Prosecuting counsel Nicola Auret described how the defendants “called a family meeting” on February 28 2016 when they showed their three siblings “a document which they claimed was the will of their dead mother”.

Ms Auret said it set the defendants as both executors and witnesses and outlined there were properties and money to be divided among the five siblings, but “in particular it was stated that the deceased’s business Kavanagh’s jewellers, a long standing operating business, was to be given to the two defendants”.

The lawyer told the court that eight months later, the PSNI received a report from Mark Lauro about “his suspicions that the signature on the will had been forged”. Detectives then seized the will along with other documents.

Ms Auret said after the documents had been given to a forensic hand writing expert, “he concluded that the signatures on both the will and the cheque were forged”.

Questioned by police in July 2017, the pair denied any fraud had taken place.

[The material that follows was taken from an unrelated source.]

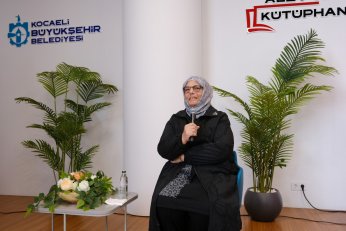 Kitapların izinde şehri keşfettiler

Defence counsel Patrick Taylor, acting on behalf of David Lauro, conceded that the fraud represented “an egregious breach of trust” but said “I tentatively invite you to give some credence that there is a ring of truth to the assertion from the defendant that it was his mother’s wish that he and Elaine receive the business”.

Conor Lunney, for Elaine Lauro, said the offences had caused an “irrevocable split” in the family and argued that given the “unusual background” to the case, it was an exceptional case despite the breach of trust and that she “was the prime mover in relation to both signatures.”

Summing up the case today, Judge Lynch said while a guilty plea usually indicates some degree of remorse, “it doesn’t, in my view, in this case” as they had only confessed after their own hand writing expert opined the signatures were forged.

“Your attitude doesn’t indicate any remorse whatsoever,” said the judge.

Describing the pair as “proven liars” who had lied to the police and repeated their lies throughout court proceedings, Judge Lynch said despite their claims it was Mrs Lauro’s wish they would be given the business, “very little credence can be given to that proposition”.

“One simply cannot say what the true wishes of this lady would have been,” he told the court.

He said while there were mitigating factors for both defendants given their clear records and eventual guilty pleas, the guidelines were clear that in all but exceptional cases, “custodial sentences will almost be inevitable to mark publicly the gravity of the offence”.

“There is an expectation on the part of any person who is terminally ill” that their dying wishes will be respected and carried out but by forging her will, but the defendants “took advantage” of their mother’s death, said the judge.

He told Elaine Lauro while there was “profound regret” she would have to be jailed, it was “hard to avoid the proposition” she had brought it upon herself.

He also told the brother and sister it was clear the family fall out from the fraud “is likely to continue to the next generation... the bitterness that you generated by virtue of your actions will not determine at the end of the case”.